Multiple copies of a user program begin executing on a cluster of machines. One of these as as the master and is responsible for coordinating worker activity. Workers use a name service to discover the master’s location and register with it. Then,…
The master determines how many partitions the graph will have, and assigns one or more partitions to each worker machine. The number may be controlled by the user. Having more than one partition per worker allows parallelism among the partitions and better load balancing, and will usually improve performance.
After this point, parallel loading of the input graph occurs, with the master assigning portions of the input to each worker.
The division of inputs is orthogonal to the partitioning of the graph itself, and is typically based on file boundaries. If a worker loads a vertex that be- longs to that worker’s section of the graph, the appropriate data structures are immediately updated. Otherwise the worker enqueues a message to the remote peer that owns the vertex. After the input has finished loading, all vertices are marked as active.
The master then instructs each worker to perform a superstep. A worker uses one thread for each partition it is responsible for, looping through the active vertices in each partition. Messages are sent asynchronously, but are delivered before the end of the superstep. The worker then tells the master how many vertices will be active in the next superstep. The master repeats this process so long as any vertices are active, or any messages are in transit.
Fault tolerance is achieved through checkpointing. At the beginning of a superstep, the master instructs the workers to save the state of their partitions to persistent storage, including vertex values, edge values, and incoming messages; the master separately saves the aggregator values.
A simple heartbeating mechanism is used to detect failures.
When one or more workers fail, the current state of the partitions assigned to these workers is lost. The master reassigns graph partitions to the currently available set of workers, and they all reload their partition state from the most recent available checkpoint at the beginning of a superstep S.

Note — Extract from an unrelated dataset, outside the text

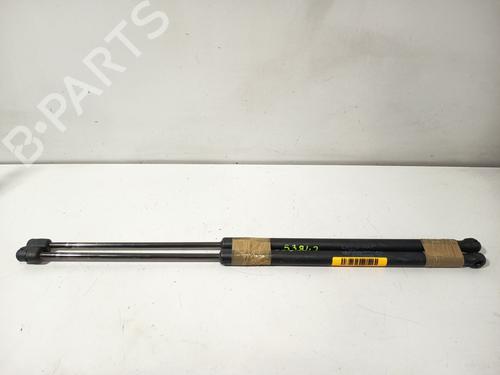 Used Tailgate lift support Tailgate lift support MERCEDES-BENZ C-CLASS Coupe (CL203) C 200 CDI (203.707) (122 hp) 36460616 36460616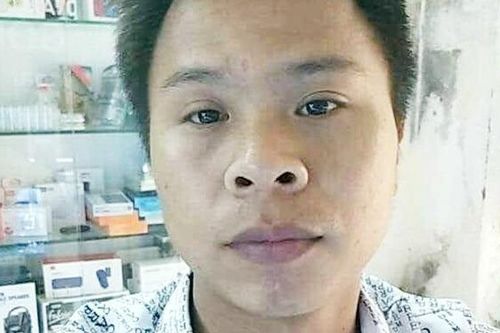Đã bắt được người giết chồng của tình nhân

The frequency of checkpointing is chosen to balance checkpoint cost against expected recovery cost using a mean time to failure model.
The paper gives examples of PageRank, single-source shortest path, bipartite maching, and semi-clustering algorithms implemented using Pregel’s programming model. See the full paper (link at the top of the post as always) for details.
Running shortest paths for a graph with a billion vertices and over 127 billion edges, using 800 worker tasks on 300 multicore machines, took ‘a little over 10 minutes.’